Depuis ses débuts, Femmes de séries s’est davantage attaché aux personnages qu’aux actrices qui les incarnent tout en leur reconnaissant un indéniable et parfois insolent talent.
Mais cette fois, c’est un peu différent.
Après deux ans de bons et royaux services, Claire Foy doit rendre sa couronne dans la série éponyme au profil d’Olivia Coleman qui assurera le rôle d’Elisabeth 2 dans les saisons 3 et 4.
L’occasion de revenir sur les deux saisons fondatrices à la fois de l’actrice et de la souveraine, de son couronnement à la naissance de son dernier enfant. Un passage de témoin entre comédiennes qui aura forcément un impact sur le traitement du personnage.
En 1953, à la mort de son père le Roi Georges, Elisabeth Windsor, nouvellement mariée à Philip Mounbatten ne sera plus jamais une femme ordinaire.
Elle devient la nouvelle reine d’Angleterre. Un titre au poids colossal mais aux responsabilités finalement très limitées. Cette jeune femme qui n’aspirait qu’à vivre à la campagne au milieu de ses chevaux doit désormais connaître les enjeux politiques du monde sans pour autant agir et donner un avis.
Non seulement Elisabeth va devoir se défaire de l’ombre de son père, souverain très aimé y compris de son premier ministre Winston Churchill mais aussi imposer sa marque sans s’aliéner les siens.
La jeune Reine très inexpérimentée ressemble très souvent à une biche prise dans les phares d’une voiture juste avant l’accident et en cela le visage très expressif de Claire Foy fait des merveilles.
Elle a beau être Reine, elle est au départ traitée comme une enfant par les hommes de son gouvernement à commencer par Churchill, grand homme d’état mais surtout roi des emmerdeurs. S’il est bien une personne qu’elle va réussir à « mater » et qui va la rassurer sur son rôle, c’est bien lui. Le géant se fait tout petit quand il est pris en flagrant délit de mensonge par sa Reine et montre à quel point il est fier d’elle quand elle fait le tour du Commonwealth et charme son monde.

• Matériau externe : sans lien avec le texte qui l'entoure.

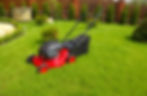 Lawn mower in the garden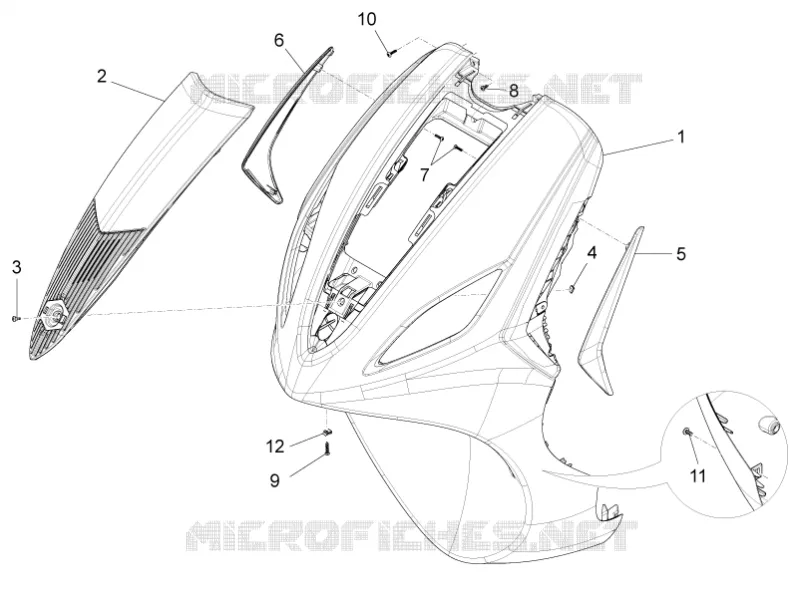 Front shield PIAGGIO PIAGGIO-SCOOTER 150 FLY 2013  Fly 4T E2-E3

A travers lui, c’est un peu de son très cher Papa qu’elle retrouve. Les hauts et les bas de leur relation ne cesseront de ponctuer la saison 1. Et quand il estimera qu’il n’a plus rien à lui apprendre, il démissionnera.
Devenir Reine c’est aussi faire passer les relations personnelles au second plan et en ce sens, dans l’entourage d’Elisabeth, c’est Philip, son mari et Margaret, sa sœur qui en souffriront le plus.
Philip Mounbatten est un choix curieux à bien y regarder. Il est très différent d’Elisabeth, c’est un esprit libre très marqué par son passé compliqué, un joueur, un séducteur.
A n’en pas douter, devenir Reine a intrinsèquement changé le caractère d’Elisabeth mais sans cette charge, aurait-elle vraiment été plus détendue, moins à cheval sur tout, plus intéressée par le monde, plus cultivée ? Le couple était donc forcément voué à aller dans le mur. Et il est ironique que ce soit finalement la fonction qui les oblige à ne pas divorcer (question qui est au cœur de la saison 2)
Le problème récurrent du couple Windsor demeure l’orgueil tout masculin de Philip qui n’acceptera jamais de passer après la couronne et de devoir s’incliner devant son épouse. C’est moins du machisme qu’une question d’égo. Il veut de l’égalité dans son couple ce qu’elle ne peut pas lui donner.
Dès lors c’est une sorte de marché qui va faire survivre le couple. Elizabeth va donc accorder à son époux quelques largesses : il est fait prince du Royaume-Uni de Grande-Bretagne et d’Irlande du Nord et devient conseiller personnel de la Reine.
Si le couronnement d’Elisabeth n’a que de légères répercussions sur la Reine Mère qui se retrouve sans rien à faire après le décès de son roi de mari, elle sera très vite un soutien constant pour sa fille.
En revanche, rien ne va pour sa soeur Margaret qui était habituée à n’en faire qu’à sa tête et à aller là où son cœur la mène. Problème : une mauvaise relation, un mauvais mariage et c’est toute la royauté qui est en danger.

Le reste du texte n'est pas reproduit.